Je vous ai mis, au début, quelques paradoxes et on va aller en Suède qui est un pays qui est assez concerné par ces questions. Et vous allez voir qu’on arrive à une situation, quelque part, un peu délirante sur ce qui tourne autour de l’acte de copier. Ça c’est en Suède. Il faut savoir qu’en Suède, en 2012, il y a une église, qui a été reconnue comme religion officielle, qui est l’église du Kopimisme [4] qui s’est montée. Cette église est un groupe qui considère que « l’information est sacrée et la copie est un sacrement. L’information a une valeur en soi et cette valeur se multiplie grâce à la copie. » Leur geste sacré c’est le Ctrl+C, Ctrl+V, c’est l’acte du copier-coller. C’est une église. Là par exemple j’ai une vidéo sur Internet où on voit un mariage célébré par un prêtre de l’église du Kopimisme qui a donc marié deux personnes. Donc c’est un groupe religieux qui a élevé la copie au rang de geste sacré. Ça peut paraître quand même assez surprenant d’aller jusque là.
Il faut savoir, en fait, que l’arrière-plan de la Suède est assez complexe. Vous savez aussi que la Suède, peut-être, j’en parlerai tout à l’heure, c’est le pays du Parti Pirate. C’est aussi le pays où est né le plus grand site de partage de fichiers qui s’appelle The Pirate Bay, le Pirate Bay. Et, en fait, ces gens ont fait ça parce que, en ayant la protection du statut de religion officielle, ils espèrent pouvoir copier sans être empêchés par les entraves légales que peuvent être le droit d’auteur, etc. Un peu comme les Rastafari, à une époque, avaient élevé la consommation de cannabis au rang de pratique légale pour pouvoir le faire sans être empêchés par une forme de prohibition. Vous voyez, quand même, que c’est assez représentatif, je trouve, d’une situation un peu embrouillée autour de la notion de copie. Comme je vous le disais la Suède c’est aussi le pays de The Pirate Bay qui est le plus grand site d’échange de fichiers Torrent au monde. Donc là on est sur du partage de fichiers qui sont, en général, des œuvres protégées par le droit d’auteur, et ce site suscite des réactions assez virulentes de la part de ce qu’on appelle les industries culturelles qui l’ont attaqué dans plusieurs endroits dans le monde, en Suède, en Finlande, aux Pays-Bas, en Belgique et qui ont obtenu son blocage. Les trois fondateurs du site, vous voyez en photo, ont été condamnés par la justice suédoise et on a appris, juste hier en fait, que la Cour européenne des droits de l’homme avait rejeté leur dernier recours et donc ils sont passibles de peines de prison et d’amendes assez importantes. L’un d’entre eux a aussi de gros ennuis judiciaires en Thaïlande. Voilà. On est dans une situation où ces personnes, pour avoir mis en place ce site, ont des soucis très importants.

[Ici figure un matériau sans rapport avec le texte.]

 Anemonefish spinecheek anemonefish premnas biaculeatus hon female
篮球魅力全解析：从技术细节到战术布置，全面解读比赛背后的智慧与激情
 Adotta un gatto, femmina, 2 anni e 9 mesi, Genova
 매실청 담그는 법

Mais la Suède c’est aussi donc, comme je vous l’ai dit, le pays du Parti Pirate qui est un parti politique, qui a envoyé des représentants au Parlement européen. Il y a deux représentants suédois qui ont été élus comme députés européens et qui siègent au Parlement européen, qui prônent des réformes très importantes du droit d’auteur ainsi que des réformes du fonctionnement de la démocratie elle-même. C’est là où c’est paradoxal, la Suède est aussi le pays où est né un site de streaming légal, là cette fois-ci, qui s’appelle Spotify et c’est le pays, la Suède, où ce service se porte le mieux, avec des croissances de l’ordre de 50 % cette année par exemple.

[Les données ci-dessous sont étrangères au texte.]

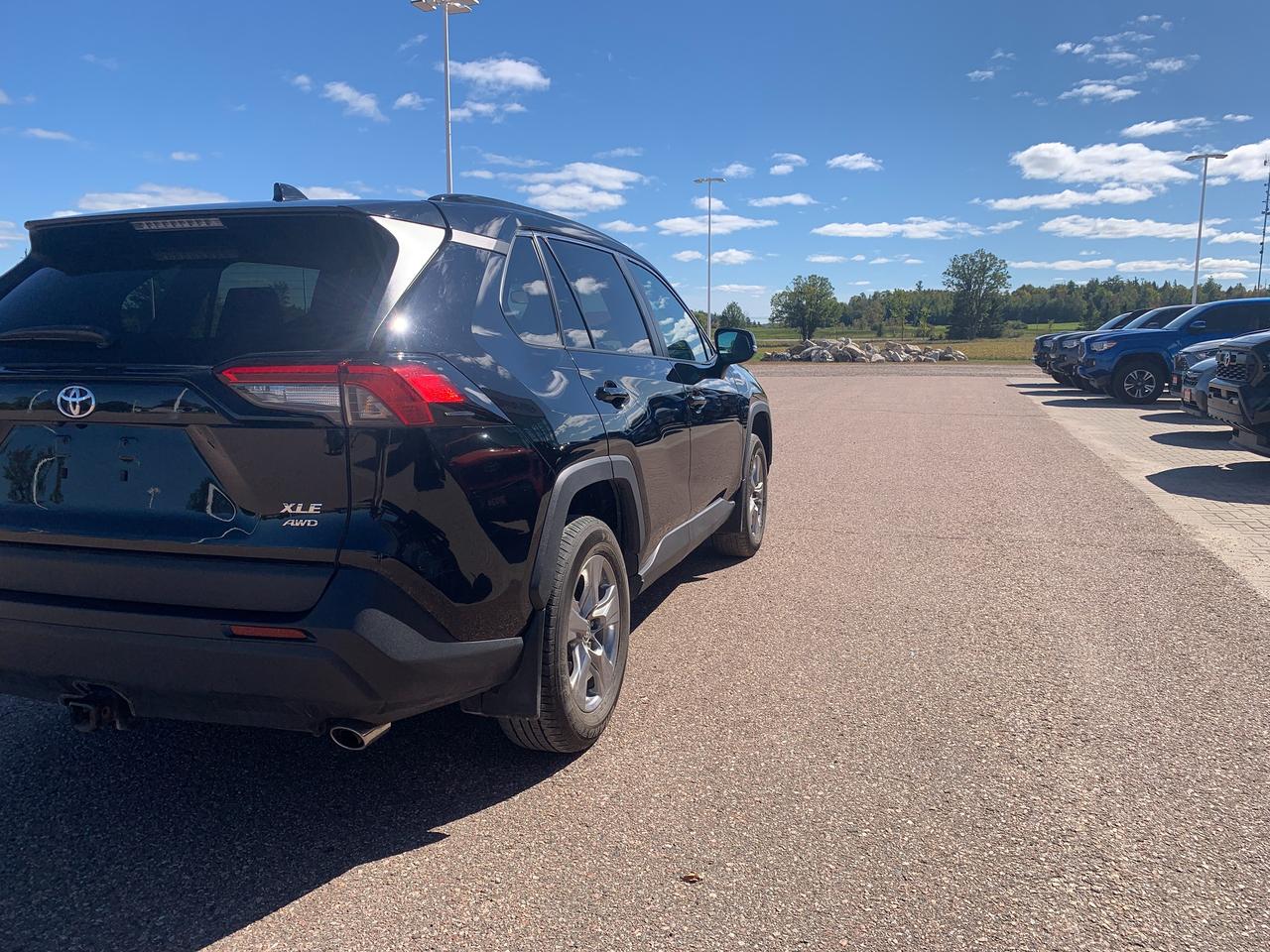 2024 Toyota RAV4 XLE Photo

Si vous ajoutez tout ça, vous avez donc un pays qui a une église reconnue officiellement autour de la copie, qui, d’un autre côté, a le site qui est le plus dans le collimateur des tribunaux, qui est le siège du Parti Pirate, mais qui est le pays où l’offre légale de musique en streaming se porte le mieux. Je trouve que c’est un très bon résumé du paradoxe de la situation actuelle autour de la copie et des contradictions que ça peut soulever. Évidemment je dirais que c’est un peu paroxystique en Suède, mais dans tous les pays du monde on retrouve ces contractions autour de l’acte de copier.

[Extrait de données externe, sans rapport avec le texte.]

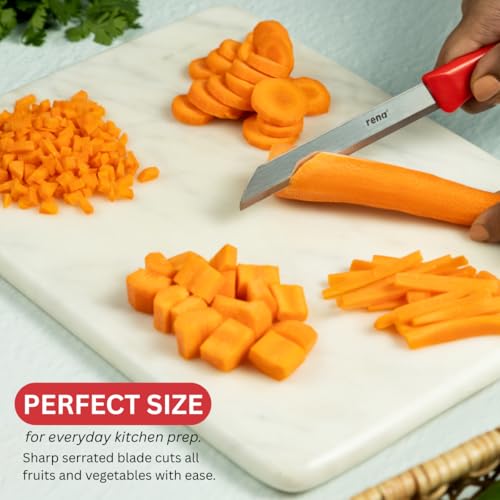 rena 10 Piece 90 mm Serrated Kitchen Knife Set Sharp Stainless Steel Knife Set for Kitchen Use, for Fruits, Vegetables, Bread. Rust Resistant, Dishwasher Safe, Durable & Long Lasting - Image 2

Au cœur de la question on a le droit d’auteur. Pourquoi est-ce que la copie soulève des questions ? C’est parce que cet acte de copie est saisi par un arrière-plan juridique qui est celui du droit d’auteur. Le droit d’auteur appréhende la copie comme un acte de reproduction. La reproduction fait partie de ce qu’on appelle les droits patrimoniaux, qui appartiennent aux auteurs, aux créateurs et à leurs ayants droit qui peuvent être des éditeurs, des producteurs, et le droit d’auteur leur donne un monopole sur cette action. C’est-à-dire que quand vous avez créé une œuvre, vous avez le droit, un droit exclusif, de faire des reproductions de cette œuvre ou d’autoriser des tiers à reproduire votre œuvre. Et pour la loi française, la reproduction c’est « la fixation matérielle de l’œuvre par tout procédé qui permette de communiquer cette œuvre au public de manière indirecte. » C’est une définition très large qui couvre toutes les formes de copie que ce soit le fait d’éditer un livre, vous êtes obligé de reproduire des exemplaires, que ce soit le fait de faire des copies numériques aussi. On le verra tout à l’heure, la loi s’applique aussi à l’environnement numérique. Donc, si vous faites une reproduction d’une œuvre protégée sans autorisation, vous tombez sous le coup d’un délit qui s’appelle la contrefaçon du droit d’auteur, et on verra que c’est un délit qui est assez sévèrement réprimé. Donc voila comment le droit d’auteur appréhende l’acte de copie.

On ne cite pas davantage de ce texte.